Entrepreneurs who want to put principles before profits—even after their companies go public—may soon have the legal cover to do just that. On Apr. 13, Maryland Governor Martin O'Malley signed a law creating legal entities known as "benefit corporations" and giving them greater protection from shareholder lawsuits. California and Vermont have similar bills in the works and legislators in at least three other states, including New York, are considering them. While many entrepreneurs applaud the measures, corporate governance experts worry about the rights of shareholders.
Interest in so-called socially responsible businesses by investors and entrepreneurs has grown in recent years. More than $2.7 trillion—about 11% of all assets under professional management—were in some kind of socially responsible investment in 2007, the latest data from Bloomberg show. More than 30,000 U.S. companies are members of socially responsible or sustainable business organizations, according to B Lab, a Berwyn (Pa.) nonprofit that certifies businesses as socially responsible.
Under the new Maryland law, benefit corporations must spell out their values in their charters, report annually on activities that benefit the public, and submit to third-party auditing of their societal impact. Becoming a benefit corporation, or shedding that status, would require approval of two-thirds of shareholders.
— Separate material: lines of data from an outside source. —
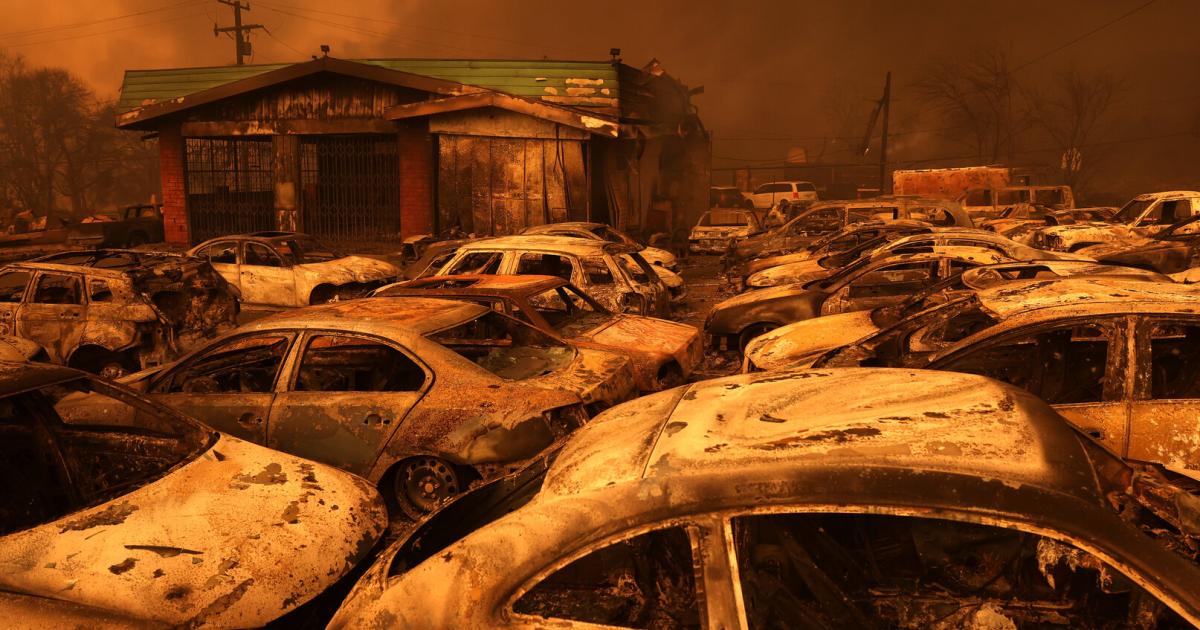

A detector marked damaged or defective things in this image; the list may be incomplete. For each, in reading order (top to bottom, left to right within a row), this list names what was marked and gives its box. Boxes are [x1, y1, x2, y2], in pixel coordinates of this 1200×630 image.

charred vehicle [0, 252, 240, 378]
burned car [0, 252, 240, 378]
charred vehicle [190, 233, 400, 310]
burned car [190, 232, 400, 312]
charred vehicle [124, 302, 636, 520]
burned car [126, 298, 636, 516]
burned car [370, 276, 700, 392]
charred vehicle [376, 274, 704, 392]
burned car [434, 236, 676, 318]
charred vehicle [436, 236, 676, 318]
charred vehicle [520, 222, 680, 272]
burned car [520, 222, 680, 272]
charred vehicle [688, 210, 764, 254]
burned car [688, 209, 764, 256]
charred vehicle [732, 196, 976, 262]
burned car [732, 196, 976, 262]
charred vehicle [704, 248, 1012, 356]
burned car [704, 248, 1012, 356]
charred vehicle [744, 227, 1080, 292]
burned car [744, 230, 1080, 292]
burned car [744, 262, 1168, 376]
charred vehicle [744, 262, 1176, 376]
charred vehicle [812, 278, 1200, 482]
burned car [816, 278, 1200, 482]
charred vehicle [1024, 190, 1200, 254]
burned car [1024, 190, 1200, 254]
charred vehicle [1096, 215, 1200, 274]
burned car [0, 360, 384, 628]
charred vehicle [0, 360, 386, 628]
charred vehicle [326, 368, 1200, 628]
burned car [328, 370, 1200, 630]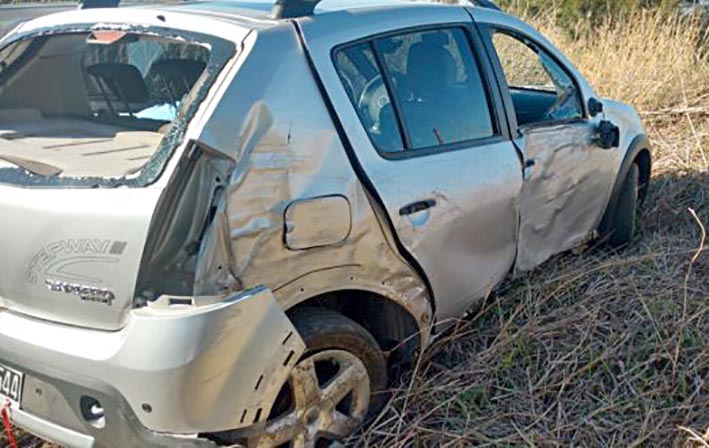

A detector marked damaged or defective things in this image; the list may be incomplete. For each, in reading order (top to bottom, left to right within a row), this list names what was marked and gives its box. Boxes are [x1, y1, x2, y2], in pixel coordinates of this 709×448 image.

shattered rear window [0, 26, 235, 187]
A California bill would have similar provisions for what it calls "flexible-purpose corporations." In Vermont, a bill creating benefit corporations passed in the state senate and is awaiting action by the lower house. Such measures would "better insulate [companies] from the pressures of short-termism that dominate the public equity markets," says Jay Coen Gilbert, co-founder of B Lab, which has certified 296 companies as B Corporations.
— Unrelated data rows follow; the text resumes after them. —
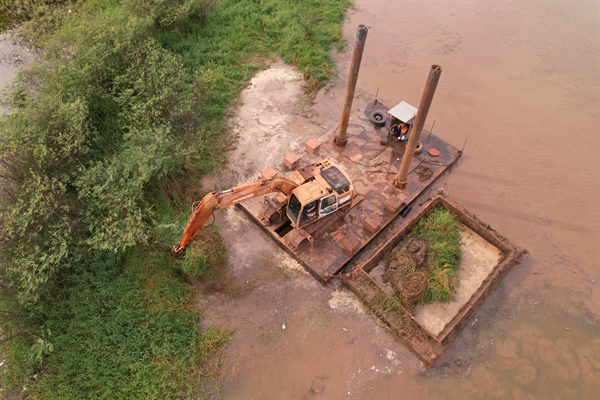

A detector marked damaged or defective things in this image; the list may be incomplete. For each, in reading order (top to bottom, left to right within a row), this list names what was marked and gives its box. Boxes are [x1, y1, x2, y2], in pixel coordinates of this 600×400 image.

rusty metal structure [336, 23, 368, 146]
rusty metal structure [394, 64, 440, 189]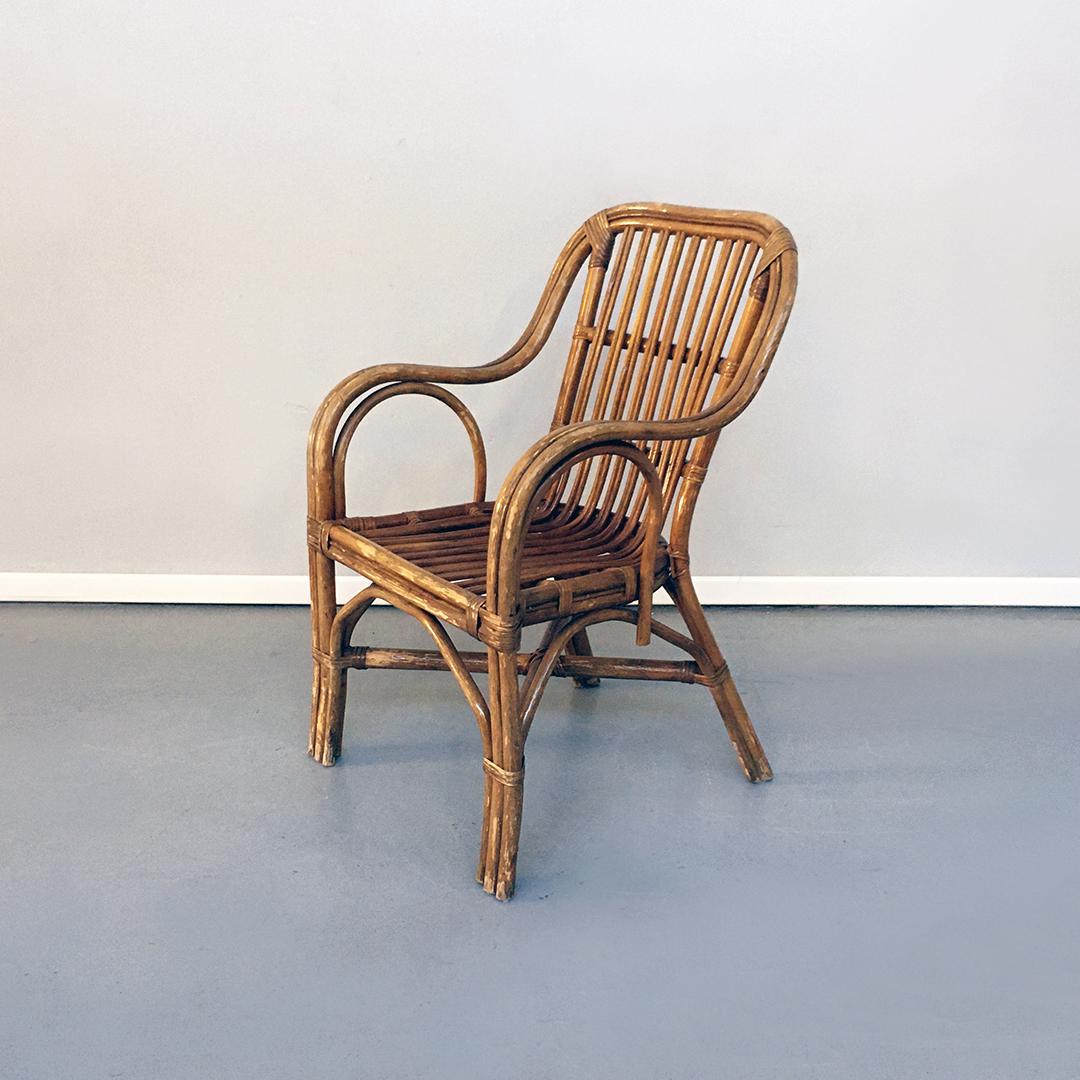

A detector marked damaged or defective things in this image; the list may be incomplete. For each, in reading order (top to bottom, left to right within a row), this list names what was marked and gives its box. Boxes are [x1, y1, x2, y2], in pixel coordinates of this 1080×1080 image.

bent rattan frame [304, 200, 794, 894]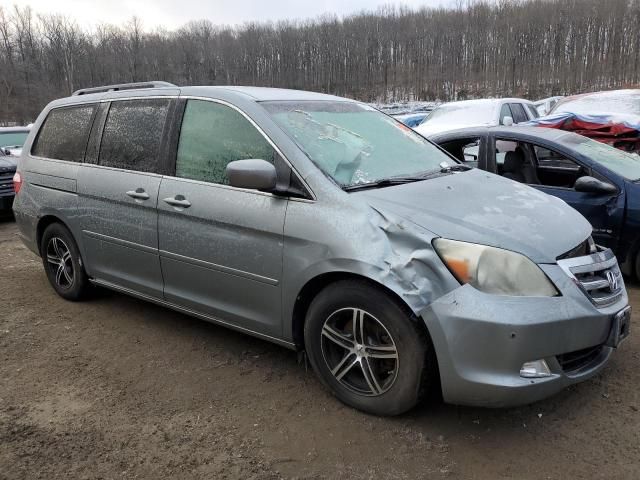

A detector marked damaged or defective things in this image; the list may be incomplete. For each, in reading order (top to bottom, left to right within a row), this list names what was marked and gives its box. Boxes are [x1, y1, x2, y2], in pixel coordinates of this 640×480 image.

Many more privately held companies are likely to seek benefit corporation status. Small Dog Electronics is a 40-employee Apple (AAPL) reseller with two stores in Vermont and annual sales of $20 million. CEO Don Mayer wants to recharter as a benefit corporation if the Vermont law is passed, in part because he is considering selling a stake in the company to raise funds for a third store. Small Dog, which is 15 years old, operates e-waste drives that recycle hundreds of tons of discarded electronics. It also matches customer donations to charities and pays 90% of its workers' health premiums. It even covers some veterinary care. "This will give us another tool in our quiver to attract the kind of investors that we want," says Mayer, 61, who hopes to ensure that future owners will preserve the company's mission after he retires.
Will shareholders want to invest in companies that don't have a laser-like focus on profit? "Most shareholders invest for the return to them, not for the return to somebody else," says James J. Hanks Jr., a corporate lawyer at Venable in Baltimore. Others think managers could cite these alternative aims as justification for bad decision-making. "If your goal as a corporation is to better the environment, then you should be working philanthropically," says Charles Elson, director of a corporate governance program at the University of Delaware.
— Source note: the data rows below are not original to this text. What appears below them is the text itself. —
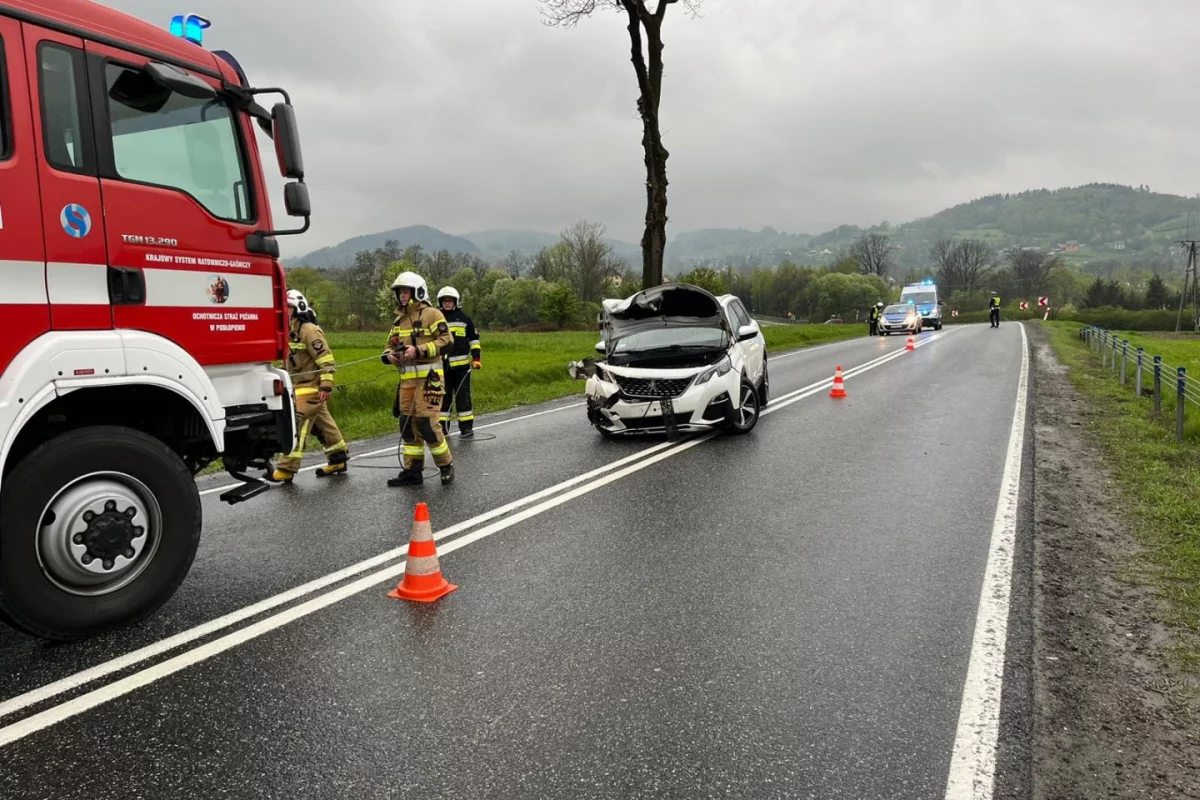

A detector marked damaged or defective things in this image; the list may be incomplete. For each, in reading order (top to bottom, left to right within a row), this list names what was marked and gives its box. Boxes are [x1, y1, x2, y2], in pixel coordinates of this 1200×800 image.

damaged white suv [566, 283, 763, 438]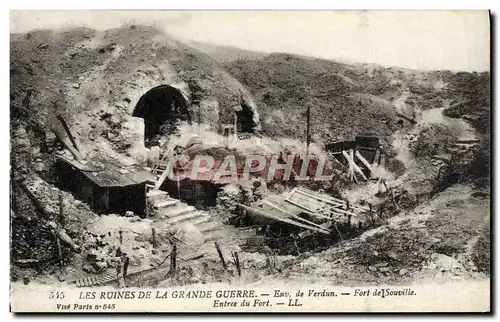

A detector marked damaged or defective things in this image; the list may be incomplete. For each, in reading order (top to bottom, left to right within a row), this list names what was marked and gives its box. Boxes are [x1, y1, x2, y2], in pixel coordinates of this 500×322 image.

damaged stone archway [133, 84, 191, 147]
war-damaged masonry [11, 23, 492, 288]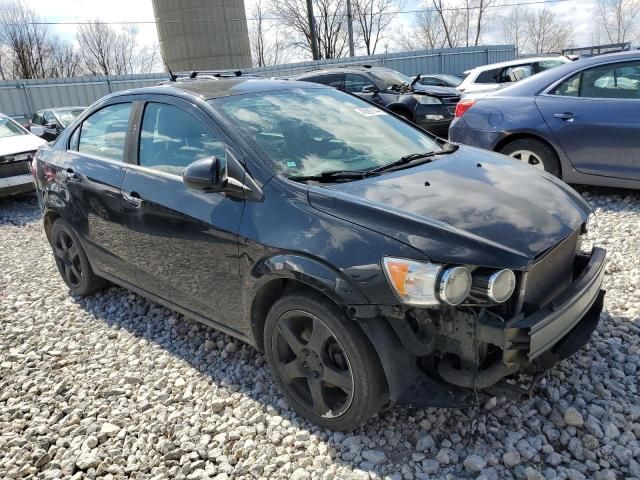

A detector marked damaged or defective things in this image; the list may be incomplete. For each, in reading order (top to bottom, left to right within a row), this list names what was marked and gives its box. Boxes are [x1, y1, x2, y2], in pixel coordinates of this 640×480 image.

damaged black car [33, 79, 604, 432]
That's not the view of Jeffrey Hollender, co-founder of Seventh Generation, a $150 million maker of environment-friendly household products based in Burlington, Vt. Hollender took Seventh Generation private in 2000 after seven years as a public company and recently wrote environmental values into his corporate charter. When the company was public, "brokers promoted the stock on primarily financial metrics: Buy this stock and get rich quick," he says.
Hollender, 55, says Seventh Generation's board will consider incorporating as a benefit corporation if the Vermont law passes. He calls the bill "part of a larger transition to a more just, equitable, and sustainable economy. It's the beginning of creating institutions that support that transition."
The bottom line: Activists like the idea of protections for companies with social aims, but corporate governance experts worry about shareholder value.